- Brute Force
- Divide and Conquer
- Dynamic Programming
Divide and Conquer
Recipe for Divide and Conquer Algorithms
- Divide the input into smaller sub problems
- Conquer the sub problems recursively
- Combine the solutions of the sub problems into a final solution
Recipe for Greedy Algorithms
- Construct a solution iteratively, via a sequence of myopic decisions, and hope that everything works out in the end
Features of Greedy Algorithms
- Easy to come up with one or more greedy algorithms
- Easy to analyse the running time
- Hard to establish correctness
- Most greedy algorithms are not always correct, use with caution
Dynamic programming was pioneered in the 1950s by Richard E. Bellman of the RAND corporation.
Recipe for Dynamic Programming
- Identify a relativity small collection of sub problems
- Show how to quickly and correctly solve “larger” sub problems given the solutions to “smaller” sub problems
- Show how to quickly and correctly infer the final solutions from the solutions to all of the sub problems.
Dynamic Programming algorithm runtime
- $f(n)$ = number of sub problems
- $g(n)$ = time per sub problem (including combining previous solutions)
- $h(n)$ = post processing (inferring final solution)
Difference between Divide and Conquer and Dynamic Programming
- Divide and conquer commits to a single way of dividing input into smaller sub problems.
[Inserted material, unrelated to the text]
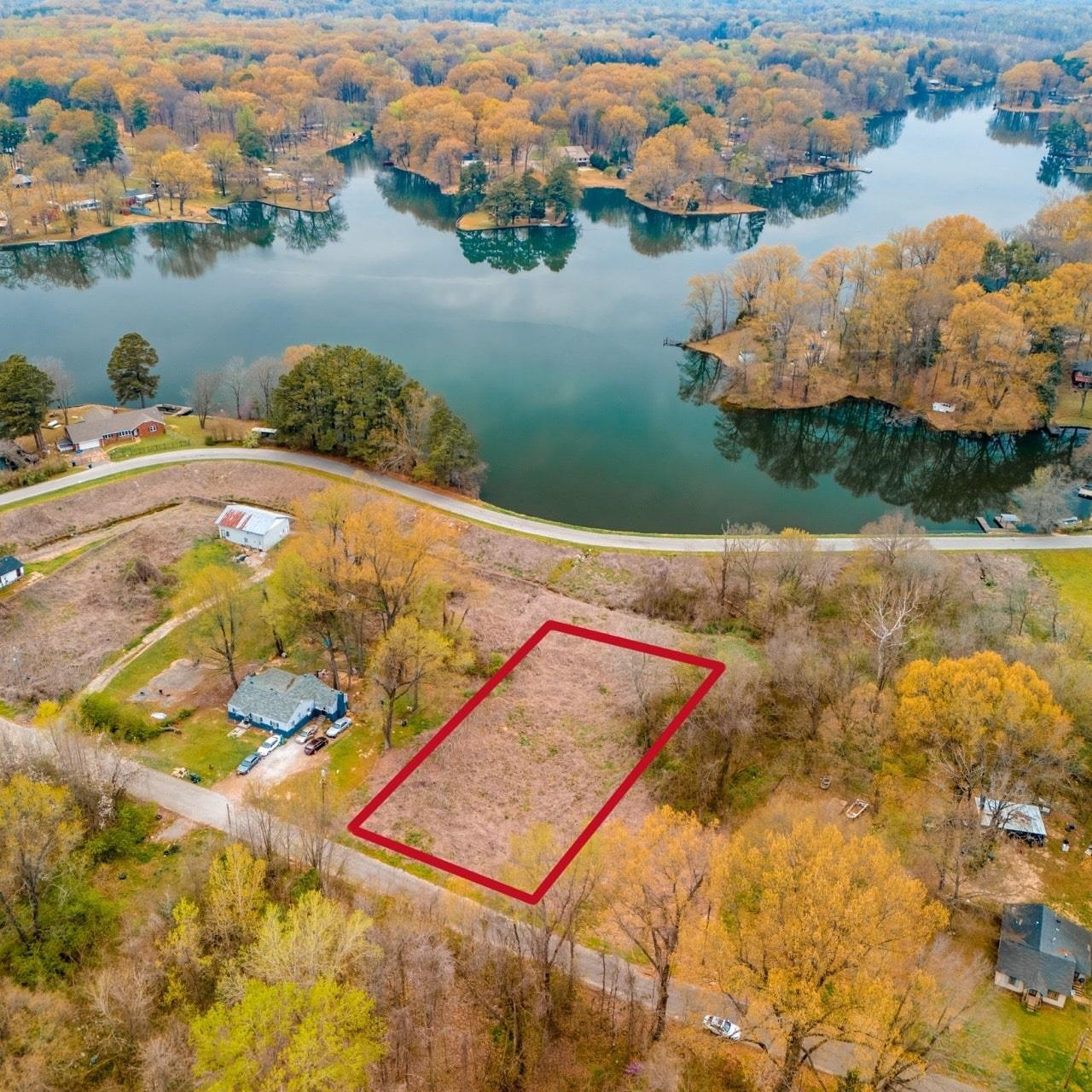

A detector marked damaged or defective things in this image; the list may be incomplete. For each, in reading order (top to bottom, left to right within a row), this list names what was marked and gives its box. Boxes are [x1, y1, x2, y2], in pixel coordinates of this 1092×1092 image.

white barn with rust metal roof [212, 504, 290, 555]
Dynamic programming considers multiple ways.
- Divide and conquer sub problems are typically unique while Dynamic programming sub problems can often benefit from memoization.
- Divide and conquer typically speeds up a polynomial-time algorithm. Dynamic programming takes exponential (e.g. $O(k^n)$) run time algorithms and reduces them to polynomial time (e.g. $O(n^2)$).
- Divide and conquer identifies sub problems in order to optimize a run time. Dynamic programming identifies sub problems with an emphasis on correctness.
- Divide and conquer algorithms typically recurse on sub problems of half the size. Dynamic programming will recurse on only slightly smaller sub problems.
- Divide and conquer is a special case of Dynamic programming.